For Sahni’s description of the excavations at the area of the ‘parallel walls’ see ARASI 1924-25, pp. 76.
The walls were both, stouter and thinner. Sahni mentioned that ‘the upper portion [of the former] is built solidly of burnt bricks, the total extant height of the wall being eight feet; The thinner walls have no clay-core but are constructed throughout with burnt bricks” [ibid].

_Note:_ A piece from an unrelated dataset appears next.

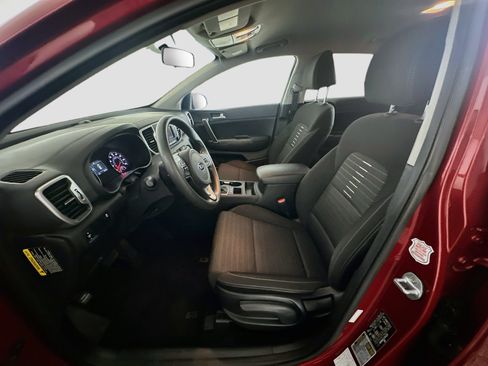 Used 2018 Kia Sportage LX FWD image 13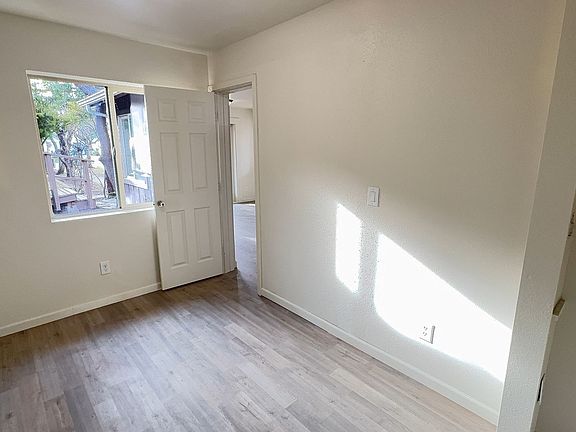 4th image of 329-339 S Grape St #93C10602A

In his essay on the Prehistoric Civilization of the Indus Valley, which preceded the excavation reports of Mohenjodaro and Harappa in ARASI 1924-25, John Marshall declared that ‘generally speaking the buildings exposed at Harappa and Mohenjodaro and “the antiquities within them” to be similar in character, described this area of the walls as “unlike anything at Mohenjodaro. He stated:
“... there is one large edifice wholly unlike anything at the latter site [Mohenjodaro] (Plate XXV (c)) [sic, XXIV c]. What remains of it consists of two Series of solid brick walls set parallel to each other, with a broad aisle 24 feet in width running down the middle. Up to the present twenty of these walls have been exhumed, viz., fourteen to the east of the central aisle and six to the west all having a uniform length of 52 feet but varying in thickness. The stouter kind are nine feet at the base, and these are placed at regular intervals of 17 feet, so that, had it not been for the thinner walls intervening between them, it might reasonably have been inferred that they belonged to a range of long, narrow halls. As it is, these intervening walls leave sufficient space only for corridors between, the purpose of which cannot as yet he surmised” [p. 62]
- John H. Marshall, ‘The Prehistoric Civilization of the Indus Civilization, ARASI 1924-1925, pp. 60-3.
For Vats’s description of the area in his Excavations at Harappa (1940), see Parallel Walls.
NOTES:
1. Marshall’s usage of the word edifice for the area. Because he subsequently inferred the area as a Great Granary, which can be noted from Vats’s footnote to the introduction of Excavations at Harappa (1940).
2. Photographs Parallel Walls, Parallel Walls, Block of Parallel Walls 2, Block of Parallel Walls 3 and Block of Parallel Walls 4 possibly shows the area block by block. Parallel Walls was published, and is an overall view.
3. Photos Block of Parallel Walls, Block of Parallel Walls and Harappa Walls are of the area of Parallel Walls before deep digging.